Logo, o discurso nunca é capaz de se indignar, de criticar, de pensar em alternativas para o futuro. A narrativa limita-se a constatar o problema, evitando investigar as origens, as consequências a longo prazo, as possíveis saídas ou o envolvimento das instituições nesta situação. A polícia tem participação pequena; os políticos estão ausentes; a igreja é quase retirada de cena; as escolas inexistem. Os personagens estão deixados a si mesmos, e o filme observa esta situação com certa desafetação. A narrativa termina, literalmente, com personagens admirando placidamente um tiroteio.

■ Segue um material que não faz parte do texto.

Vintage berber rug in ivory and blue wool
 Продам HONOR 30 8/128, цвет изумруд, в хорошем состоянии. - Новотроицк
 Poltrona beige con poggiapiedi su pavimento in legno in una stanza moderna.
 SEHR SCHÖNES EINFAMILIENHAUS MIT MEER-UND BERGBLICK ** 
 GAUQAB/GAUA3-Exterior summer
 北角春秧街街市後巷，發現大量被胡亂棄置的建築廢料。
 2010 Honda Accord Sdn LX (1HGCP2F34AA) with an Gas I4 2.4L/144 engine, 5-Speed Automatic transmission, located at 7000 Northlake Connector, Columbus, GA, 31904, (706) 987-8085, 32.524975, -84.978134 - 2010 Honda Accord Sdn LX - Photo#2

Isso não significa que Pacificado seja desprovido de momentos fortes. Algumas atuações demonstram o potencial humanista desta abordagem. Bukassa Kabengele, em particular, devora o texto e também os colegas de cena, roubando toda e qualquer cena em que apareça. O talento do intérprete com as expressões, a voz e o corpo é impressionante. Léa Garcia e Raphael Logan também demonstram uma compreensão do filme enquanto drama. Infelizmente, nem todos os atores e atrizes os acompanham em nível semelhante.
A desenvoltura notável de Kabengele acaba por ressaltar o desnível entre seu trabalho e aquele de determinados colegas, ainda presos num registro de atuação próximo do filão Tropa de Elite. Cássia Gil também oferece um corpo presente, uma espécie de composição crua e sem julgamentos — ou ainda sem intelectualização, algo que colabora ao estilo naturalista da direção. Não por acaso, as cenas com a bisavó e com o pai se mostram as melhores da narrativa; enquanto a tortura praticada por líderes do morro, e os close-ups no rosto da mulher dependente de drogas revelam formas menos interessantes, porque óbvias e previsíveis, de composição de personagens.
O drama se encerra como um projeto crepuscular, etéreo. Sem objetivos muito definidos, os personagens perambulam por aquele espaço, cruzam-se por acaso entre as vielas. Acontecimentos graves adquirem ar inconsequente (o rosto cortado, a prisão, a gravidez), razão pela qual nenhum fato aparenta importar de fato, ou trazer consequências marcantes ao futuro. Sofre-se um tanto, chora-se de vez em quando, cansa-se sempre. Mas as coisas sempre foram assim, não? Há um aspecto despolitizante nesta abordagem, que acende (mais) um sinal vermelho em nossa representação cinematográfica das comunidades.